__Problem to work on__
Give the listing again exactly, omitting its images.

__Data block__
————————

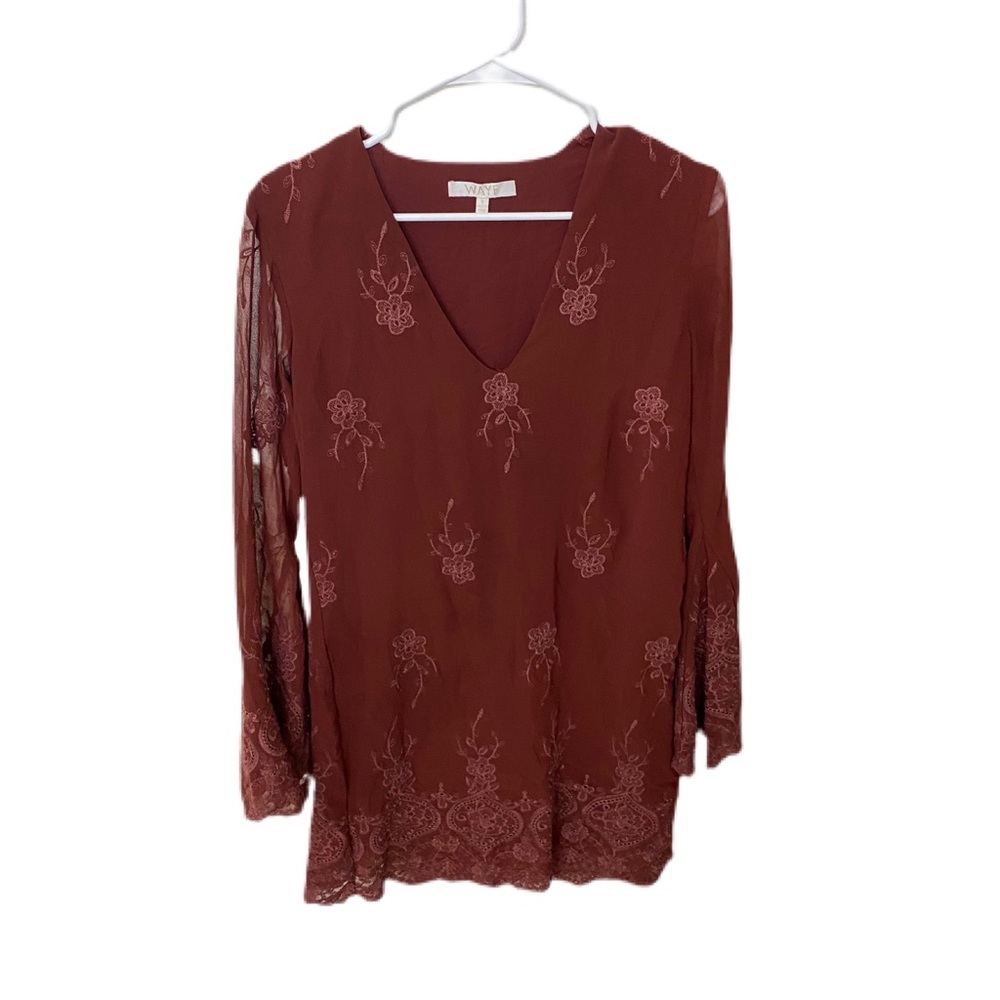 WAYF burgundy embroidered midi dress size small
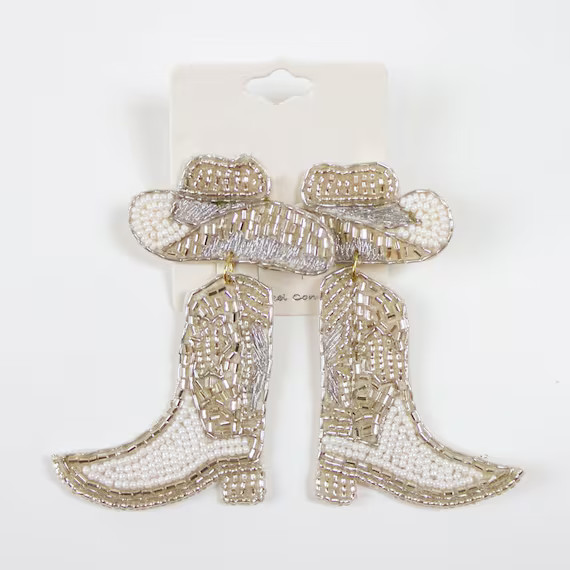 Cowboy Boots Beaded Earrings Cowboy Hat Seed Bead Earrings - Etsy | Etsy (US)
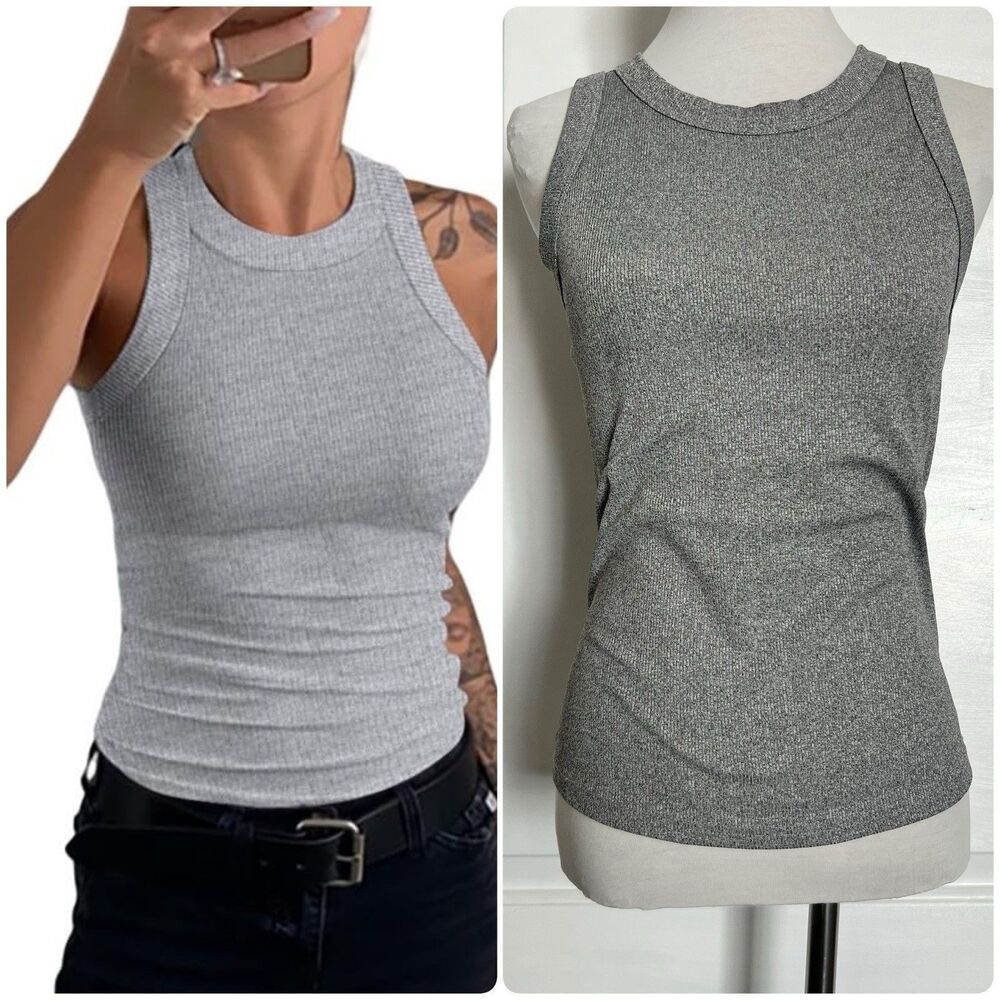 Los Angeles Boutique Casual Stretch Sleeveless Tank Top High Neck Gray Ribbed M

————————

__Response__
 WAYF burgundy embroidered midi dress size small
 Cowboy Boots Beaded Earrings Cowboy Hat Seed Bead Earrings - Etsy | Etsy (US)
 Los Angeles Boutique Casual Stretch Sleeveless Tank Top High Neck Gray Ribbed M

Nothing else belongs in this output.